**What to do:** Begin your transcription at the line containing "Elias Boussnina sang" and continue it, word for word, to the final line below. Include only those lines and skip the pictures.

**Recorded information:**
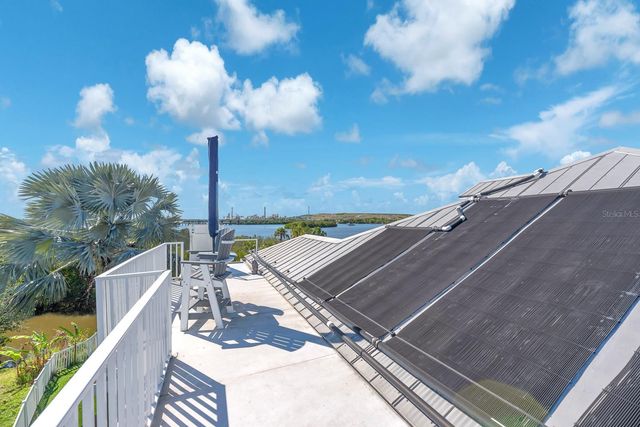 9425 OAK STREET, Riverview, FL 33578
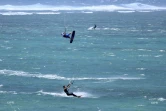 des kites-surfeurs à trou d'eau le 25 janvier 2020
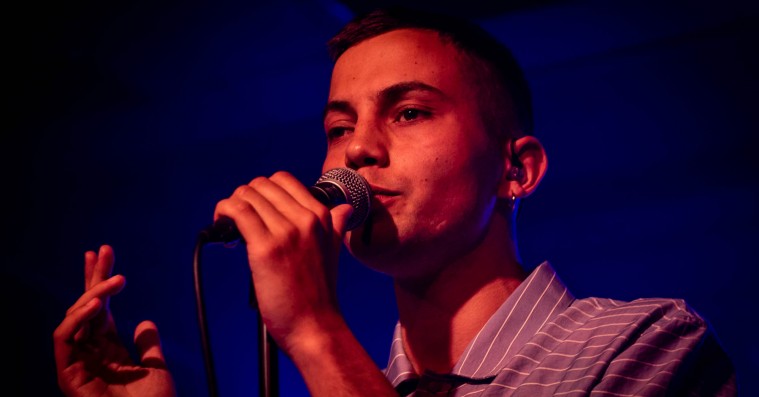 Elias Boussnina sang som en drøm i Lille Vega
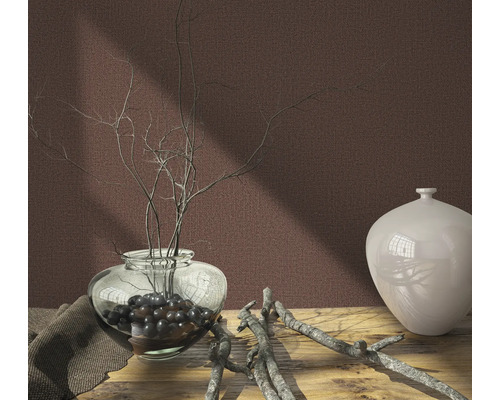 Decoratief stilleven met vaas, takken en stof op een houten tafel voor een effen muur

**Solution to this problem:**
 Elias Boussnina sang som en drøm i Lille Vega
 Decoratief stilleven met vaas, takken en stof op een houten tafel voor een effen muur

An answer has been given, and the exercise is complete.